POR QUE NÃO ME UFANO
Comentando a crise de energia elétrica e o surto de febre amarela, Elio Gaspari mostrou que o governo Lula faz o "jogo do contente", fugindo à responsabilidade de responder como se deve aos problemas. Bem, o governo faz esse jogo desde que existe. Foi assim no apagão aéreo, foi assim na denúncia do mensalão, foi assim na votação da CPMF: tudo é menor, produto de fatalidades ou de erros perdoáveis, coisa pouca perto das grandes realizações de Nosso Guia... Mais uma vez, ele, que se esforça tanto em se declarar uma novidade depois de 500 anos de mesmice, não poderia ser tão parecido com tudo que o antecedeu. É personalista, leniente e hipócrita como qualquer outro governante desde os tempos da capitania hereditária.

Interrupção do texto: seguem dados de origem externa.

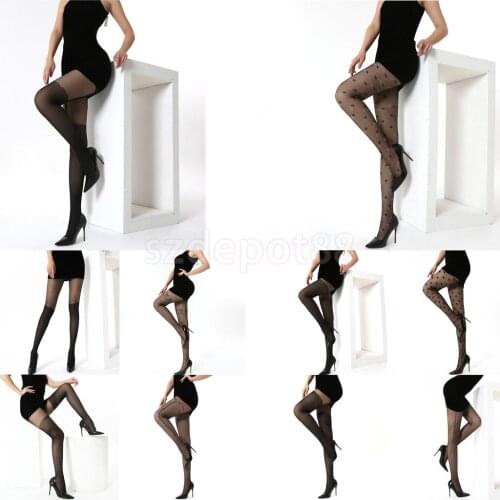 Women Lady Fashionable Sheer Tights Geometric Polka Dot Floral Patterned Elastic Pantyhose Long Stockings
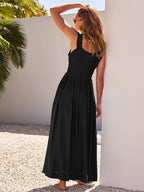 Cream V Neck Ruffled Strap Maxi Dress For Women Elegant Summer Style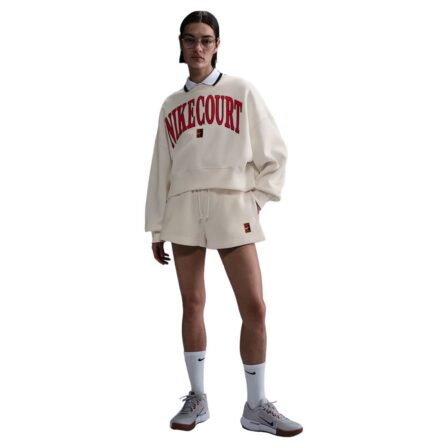 Nike Court Phoenix Fleece Women High-Waisted Loose Shorts Pale Ivory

Por falar em capitania hereditária, quer história mais sintomática do que a do senador sarneyzista Edison Lobão, sobre cujo filho paira uma tempestade de suspeitas? Edison Lobão Filho, por essas maravilhas do sistema político brasileiro - aquele que Lula prometeu que reformaria em seu segundo mandato -, vem a ser suplente do próprio pai... E esse pai foi ocupar uma vaga no Executivo, exatamente onde? No Ministério das Minas e Energia, assunto do qual nada entende, não tendo nem ao menos um preparo intelectual para dialogar com os especialistas da área. Por que não o põem na Saúde, então, para cuidar dos casos de febre amarela que o atual ministro desdenha como "isolados"?